To meet the goal, China must cut its reliance on fossil fuel to 25 per cent by 2050 from the current 85 per cent, and increase the contribution of solar and wind energy in the consumption mix to 39 per cent from 4 per cent, according to Sanford Bernstein’s analysts Neil Beveridge and Wang Lu.
Towngas said in March it was developing a “smart” energy business that includes the installation of solar power generation systems and energy storage facilities that will use big data, artificial intelligence and the internet to enhance energy utilisation.
The joint venture, besides helping Towngas to achieve its five-year plan, is also expected to boost CATL’s battery sales to the electricity sector, its fastest-growing business segment.
Last year battery sales to the electricity sector jumped 219 per cent to 1.94 billion yuan, accounting for 3.9 per cent of its total sales. Electric vehicles batteries contributed 78 per cent of its sales.

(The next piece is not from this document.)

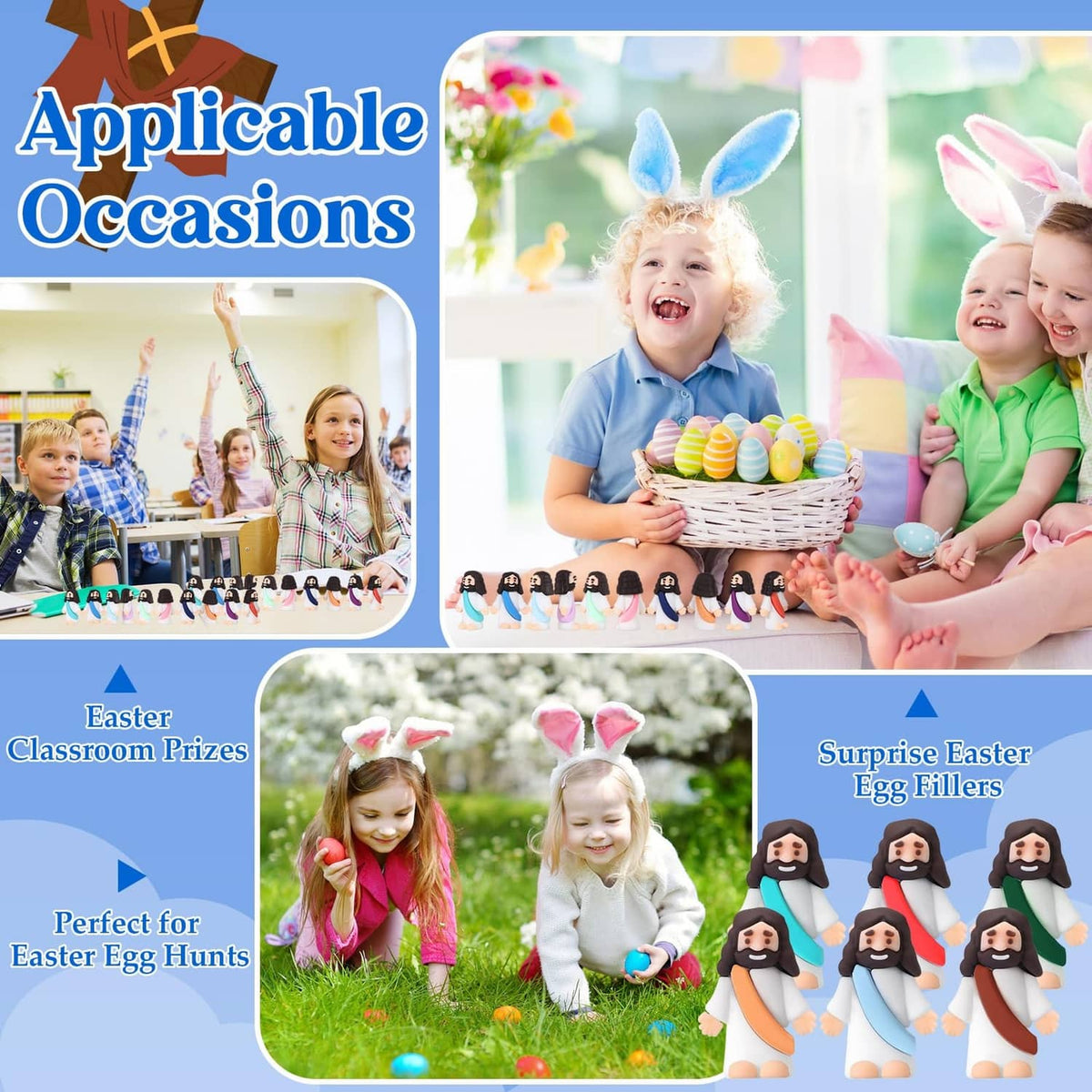 Mini rubber Jesus figurines with colorful pastel robes arranged for Easter celebrations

CATL makes battery modules for electricity distribution systems, which store surplus electricity generated from solar and wind farms. They are also used as backups at factories and data centres where uninterrupted power supply is essential.
China’s energy storage capacity grew over fivefold last year, CATL said in its latest annual report, citing China Energy Storage Alliance data.
Ten provinces had launched policies to support the installation of energy storage infrastructure at the end of last year, after the National Energy Administration, which coordinates China’s overall energy policies, issued a directive in August to boost storage capacity to support renewable energy utilisation.
A higher utilisation would bolster the competitiveness of renewable energy, which plays a leading role in global efforts to decarbonise the economy and fight climate change by paring fossil fuel-based energy production.
“With falling production cost of lithium batteries and lengthening usable lives, accelerating growth of clean energy is expected to lead to sustained growth of energy storage capacity,” CATL said.